• TASK: Of the lines below, write out exactly those from the line with "Aidase mens outfits" through the line with "Tapetes de chão", both included, and skip the rest.

• THE DATA:
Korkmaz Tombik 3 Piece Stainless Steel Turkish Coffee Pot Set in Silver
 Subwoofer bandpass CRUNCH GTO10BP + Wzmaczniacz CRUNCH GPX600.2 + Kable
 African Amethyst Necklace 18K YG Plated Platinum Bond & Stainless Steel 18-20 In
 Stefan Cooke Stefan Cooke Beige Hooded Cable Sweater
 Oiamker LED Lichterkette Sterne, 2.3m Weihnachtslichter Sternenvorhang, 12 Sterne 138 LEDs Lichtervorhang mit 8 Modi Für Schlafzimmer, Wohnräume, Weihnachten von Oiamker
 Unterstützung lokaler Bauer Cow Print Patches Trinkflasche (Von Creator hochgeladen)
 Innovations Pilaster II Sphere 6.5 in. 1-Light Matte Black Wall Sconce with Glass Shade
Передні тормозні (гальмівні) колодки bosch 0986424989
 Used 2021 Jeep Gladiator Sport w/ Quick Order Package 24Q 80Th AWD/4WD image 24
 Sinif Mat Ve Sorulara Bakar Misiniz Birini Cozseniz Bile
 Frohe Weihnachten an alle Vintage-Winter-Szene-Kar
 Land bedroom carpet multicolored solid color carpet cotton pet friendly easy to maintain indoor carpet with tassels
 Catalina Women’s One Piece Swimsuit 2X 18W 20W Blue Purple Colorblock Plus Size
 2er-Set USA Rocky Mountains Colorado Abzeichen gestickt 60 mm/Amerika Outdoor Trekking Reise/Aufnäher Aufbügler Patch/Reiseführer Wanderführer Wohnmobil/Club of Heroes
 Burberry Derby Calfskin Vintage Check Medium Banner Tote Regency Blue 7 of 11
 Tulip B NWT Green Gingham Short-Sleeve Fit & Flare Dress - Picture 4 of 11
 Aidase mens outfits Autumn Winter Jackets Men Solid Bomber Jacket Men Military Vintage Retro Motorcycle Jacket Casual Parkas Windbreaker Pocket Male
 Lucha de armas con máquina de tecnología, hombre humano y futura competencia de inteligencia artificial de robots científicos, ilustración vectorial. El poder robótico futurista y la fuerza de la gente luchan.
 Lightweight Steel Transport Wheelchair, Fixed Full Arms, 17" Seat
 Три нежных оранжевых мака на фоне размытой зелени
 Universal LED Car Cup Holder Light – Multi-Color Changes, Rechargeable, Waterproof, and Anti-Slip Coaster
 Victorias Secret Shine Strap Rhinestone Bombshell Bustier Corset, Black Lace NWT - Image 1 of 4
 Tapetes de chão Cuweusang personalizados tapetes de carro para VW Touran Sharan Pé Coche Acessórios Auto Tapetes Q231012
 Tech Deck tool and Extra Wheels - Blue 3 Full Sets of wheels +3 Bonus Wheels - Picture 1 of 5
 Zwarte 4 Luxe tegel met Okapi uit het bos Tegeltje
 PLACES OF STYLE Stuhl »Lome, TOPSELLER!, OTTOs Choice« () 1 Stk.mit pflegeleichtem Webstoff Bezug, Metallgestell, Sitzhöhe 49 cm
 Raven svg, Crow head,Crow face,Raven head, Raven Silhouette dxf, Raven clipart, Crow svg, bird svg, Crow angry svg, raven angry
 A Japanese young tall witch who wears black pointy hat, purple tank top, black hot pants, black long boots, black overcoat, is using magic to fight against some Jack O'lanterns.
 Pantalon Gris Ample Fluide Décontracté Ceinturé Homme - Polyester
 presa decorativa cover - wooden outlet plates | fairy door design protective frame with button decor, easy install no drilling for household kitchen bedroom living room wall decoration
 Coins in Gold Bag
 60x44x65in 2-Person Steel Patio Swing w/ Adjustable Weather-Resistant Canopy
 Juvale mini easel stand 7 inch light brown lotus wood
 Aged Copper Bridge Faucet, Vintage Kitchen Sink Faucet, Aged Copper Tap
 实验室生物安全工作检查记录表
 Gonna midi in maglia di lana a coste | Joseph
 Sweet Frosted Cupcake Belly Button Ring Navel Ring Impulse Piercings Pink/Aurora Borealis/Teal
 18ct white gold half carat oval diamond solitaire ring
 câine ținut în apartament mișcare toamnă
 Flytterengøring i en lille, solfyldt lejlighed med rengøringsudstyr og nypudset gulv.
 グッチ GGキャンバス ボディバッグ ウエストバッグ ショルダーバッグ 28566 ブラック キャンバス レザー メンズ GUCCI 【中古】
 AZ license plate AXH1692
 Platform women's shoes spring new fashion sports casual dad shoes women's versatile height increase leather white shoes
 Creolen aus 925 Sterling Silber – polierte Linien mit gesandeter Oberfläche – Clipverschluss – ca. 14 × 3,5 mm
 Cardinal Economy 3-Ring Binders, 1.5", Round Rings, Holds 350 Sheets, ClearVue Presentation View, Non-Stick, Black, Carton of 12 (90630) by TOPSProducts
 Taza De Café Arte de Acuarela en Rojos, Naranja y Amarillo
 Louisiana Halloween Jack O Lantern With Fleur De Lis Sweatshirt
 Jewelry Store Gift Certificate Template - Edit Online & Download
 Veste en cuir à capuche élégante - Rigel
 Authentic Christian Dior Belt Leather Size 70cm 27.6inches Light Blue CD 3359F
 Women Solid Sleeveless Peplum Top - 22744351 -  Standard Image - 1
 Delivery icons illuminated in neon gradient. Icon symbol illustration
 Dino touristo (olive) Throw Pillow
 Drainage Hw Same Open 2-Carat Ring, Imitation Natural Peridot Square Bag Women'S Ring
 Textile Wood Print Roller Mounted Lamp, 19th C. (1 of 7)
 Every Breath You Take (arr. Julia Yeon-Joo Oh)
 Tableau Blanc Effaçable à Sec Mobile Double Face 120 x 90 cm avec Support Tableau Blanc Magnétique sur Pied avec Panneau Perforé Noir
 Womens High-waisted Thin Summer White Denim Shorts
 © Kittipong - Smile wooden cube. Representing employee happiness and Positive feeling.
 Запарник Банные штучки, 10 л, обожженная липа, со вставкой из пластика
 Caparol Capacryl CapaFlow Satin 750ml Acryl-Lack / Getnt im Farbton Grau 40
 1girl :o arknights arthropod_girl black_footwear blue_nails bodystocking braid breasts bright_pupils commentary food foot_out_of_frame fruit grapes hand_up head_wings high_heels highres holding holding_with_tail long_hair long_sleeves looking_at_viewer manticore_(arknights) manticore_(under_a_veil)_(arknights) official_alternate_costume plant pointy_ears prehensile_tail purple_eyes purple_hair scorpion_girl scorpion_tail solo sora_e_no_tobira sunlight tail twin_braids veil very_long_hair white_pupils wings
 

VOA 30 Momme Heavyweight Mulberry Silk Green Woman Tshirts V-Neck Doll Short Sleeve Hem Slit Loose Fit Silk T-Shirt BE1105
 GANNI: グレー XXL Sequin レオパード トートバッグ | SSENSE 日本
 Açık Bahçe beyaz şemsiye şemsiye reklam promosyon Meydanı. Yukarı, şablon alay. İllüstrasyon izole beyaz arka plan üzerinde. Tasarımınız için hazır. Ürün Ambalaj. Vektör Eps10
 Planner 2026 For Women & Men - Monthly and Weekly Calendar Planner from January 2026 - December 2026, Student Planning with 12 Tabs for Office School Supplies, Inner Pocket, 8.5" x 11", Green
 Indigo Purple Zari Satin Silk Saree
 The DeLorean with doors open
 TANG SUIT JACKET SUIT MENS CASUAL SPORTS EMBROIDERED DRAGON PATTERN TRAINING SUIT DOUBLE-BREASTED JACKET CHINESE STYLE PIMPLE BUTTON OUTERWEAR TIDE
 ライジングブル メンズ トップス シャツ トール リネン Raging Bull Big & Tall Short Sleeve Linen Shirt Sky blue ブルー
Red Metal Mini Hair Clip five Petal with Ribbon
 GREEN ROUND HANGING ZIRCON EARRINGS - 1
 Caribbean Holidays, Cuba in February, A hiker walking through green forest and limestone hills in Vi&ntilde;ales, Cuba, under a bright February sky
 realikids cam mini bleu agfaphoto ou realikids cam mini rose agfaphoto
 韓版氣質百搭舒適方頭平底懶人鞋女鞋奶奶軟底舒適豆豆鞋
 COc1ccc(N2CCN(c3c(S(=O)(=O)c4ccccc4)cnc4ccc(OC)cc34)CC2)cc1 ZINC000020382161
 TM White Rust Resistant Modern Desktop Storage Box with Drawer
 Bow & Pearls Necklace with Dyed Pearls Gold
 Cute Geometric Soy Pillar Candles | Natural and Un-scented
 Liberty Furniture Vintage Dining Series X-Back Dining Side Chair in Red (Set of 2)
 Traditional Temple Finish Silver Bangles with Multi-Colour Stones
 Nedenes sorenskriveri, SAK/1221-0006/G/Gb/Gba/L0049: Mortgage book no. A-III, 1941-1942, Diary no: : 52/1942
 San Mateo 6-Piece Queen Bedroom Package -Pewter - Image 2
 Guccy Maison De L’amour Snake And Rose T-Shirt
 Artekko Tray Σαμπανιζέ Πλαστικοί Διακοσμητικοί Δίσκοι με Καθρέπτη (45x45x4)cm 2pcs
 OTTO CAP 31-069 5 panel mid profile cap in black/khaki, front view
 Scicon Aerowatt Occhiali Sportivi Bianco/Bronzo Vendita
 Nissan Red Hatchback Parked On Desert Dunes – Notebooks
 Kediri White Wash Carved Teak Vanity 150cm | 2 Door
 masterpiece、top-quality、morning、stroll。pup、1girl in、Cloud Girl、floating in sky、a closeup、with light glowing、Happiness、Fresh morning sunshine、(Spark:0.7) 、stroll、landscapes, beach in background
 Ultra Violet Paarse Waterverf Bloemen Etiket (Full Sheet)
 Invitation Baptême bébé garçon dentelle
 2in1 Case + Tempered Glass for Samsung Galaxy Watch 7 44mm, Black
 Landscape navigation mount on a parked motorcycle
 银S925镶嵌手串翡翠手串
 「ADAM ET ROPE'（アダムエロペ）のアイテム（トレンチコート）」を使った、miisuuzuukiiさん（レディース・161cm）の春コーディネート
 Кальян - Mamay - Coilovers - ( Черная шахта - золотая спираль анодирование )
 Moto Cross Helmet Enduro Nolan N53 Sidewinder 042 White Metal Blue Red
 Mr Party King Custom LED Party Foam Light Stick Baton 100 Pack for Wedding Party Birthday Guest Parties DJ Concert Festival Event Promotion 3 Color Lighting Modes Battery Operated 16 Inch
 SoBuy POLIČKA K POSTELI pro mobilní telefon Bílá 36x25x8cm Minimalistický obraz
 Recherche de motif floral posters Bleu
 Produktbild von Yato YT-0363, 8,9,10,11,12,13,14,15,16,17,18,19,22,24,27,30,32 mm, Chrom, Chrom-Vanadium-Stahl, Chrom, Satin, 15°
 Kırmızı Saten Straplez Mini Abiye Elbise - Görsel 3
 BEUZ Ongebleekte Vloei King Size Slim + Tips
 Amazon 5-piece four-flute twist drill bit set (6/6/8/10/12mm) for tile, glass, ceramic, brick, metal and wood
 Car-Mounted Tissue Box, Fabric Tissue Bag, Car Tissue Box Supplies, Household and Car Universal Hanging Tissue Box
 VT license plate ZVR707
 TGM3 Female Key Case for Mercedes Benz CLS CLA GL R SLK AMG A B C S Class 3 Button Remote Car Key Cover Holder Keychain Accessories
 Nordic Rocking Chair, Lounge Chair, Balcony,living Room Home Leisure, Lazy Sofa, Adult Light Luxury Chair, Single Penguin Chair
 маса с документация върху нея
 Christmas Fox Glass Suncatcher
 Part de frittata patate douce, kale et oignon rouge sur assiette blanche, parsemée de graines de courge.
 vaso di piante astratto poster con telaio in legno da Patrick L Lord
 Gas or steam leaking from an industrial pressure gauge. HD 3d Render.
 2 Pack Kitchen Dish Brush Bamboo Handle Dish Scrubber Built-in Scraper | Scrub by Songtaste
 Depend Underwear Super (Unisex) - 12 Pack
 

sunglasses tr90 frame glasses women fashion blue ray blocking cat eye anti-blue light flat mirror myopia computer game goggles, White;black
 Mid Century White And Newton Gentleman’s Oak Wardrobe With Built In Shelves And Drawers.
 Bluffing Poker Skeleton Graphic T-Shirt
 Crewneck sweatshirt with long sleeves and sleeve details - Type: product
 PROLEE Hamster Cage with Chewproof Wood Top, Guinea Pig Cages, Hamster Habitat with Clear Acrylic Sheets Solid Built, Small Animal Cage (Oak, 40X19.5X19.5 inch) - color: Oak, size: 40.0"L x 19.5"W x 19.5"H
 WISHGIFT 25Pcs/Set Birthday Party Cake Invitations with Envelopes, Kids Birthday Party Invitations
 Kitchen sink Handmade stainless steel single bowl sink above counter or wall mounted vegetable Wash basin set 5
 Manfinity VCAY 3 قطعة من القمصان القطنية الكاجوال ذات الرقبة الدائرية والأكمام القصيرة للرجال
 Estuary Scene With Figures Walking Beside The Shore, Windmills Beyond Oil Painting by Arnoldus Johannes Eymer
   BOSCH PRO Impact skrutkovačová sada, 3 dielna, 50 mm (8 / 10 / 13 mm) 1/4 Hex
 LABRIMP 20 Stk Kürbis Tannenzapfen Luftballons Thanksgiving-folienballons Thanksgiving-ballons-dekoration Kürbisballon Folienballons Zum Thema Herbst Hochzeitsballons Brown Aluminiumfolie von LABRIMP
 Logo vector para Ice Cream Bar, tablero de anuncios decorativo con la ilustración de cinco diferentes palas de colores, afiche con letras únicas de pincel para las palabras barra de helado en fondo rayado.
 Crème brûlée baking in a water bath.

• RESULT OF THIS TASK:
 Aidase mens outfits Autumn Winter Jackets Men Solid Bomber Jacket Men Military Vintage Retro Motorcycle Jacket Casual Parkas Windbreaker Pocket Male
 Lucha de armas con máquina de tecnología, hombre humano y futura competencia de inteligencia artificial de robots científicos, ilustración vectorial. El poder robótico futurista y la fuerza de la gente luchan.
 Lightweight Steel Transport Wheelchair, Fixed Full Arms, 17" Seat
 Три нежных оранжевых мака на фоне размытой зелени
 Universal LED Car Cup Holder Light – Multi-Color Changes, Rechargeable, Waterproof, and Anti-Slip Coaster
 Victorias Secret Shine Strap Rhinestone Bombshell Bustier Corset, Black Lace NWT - Image 1 of 4
 Tapetes de chão Cuweusang personalizados tapetes de carro para VW Touran Sharan Pé Coche Acessórios Auto Tapetes Q231012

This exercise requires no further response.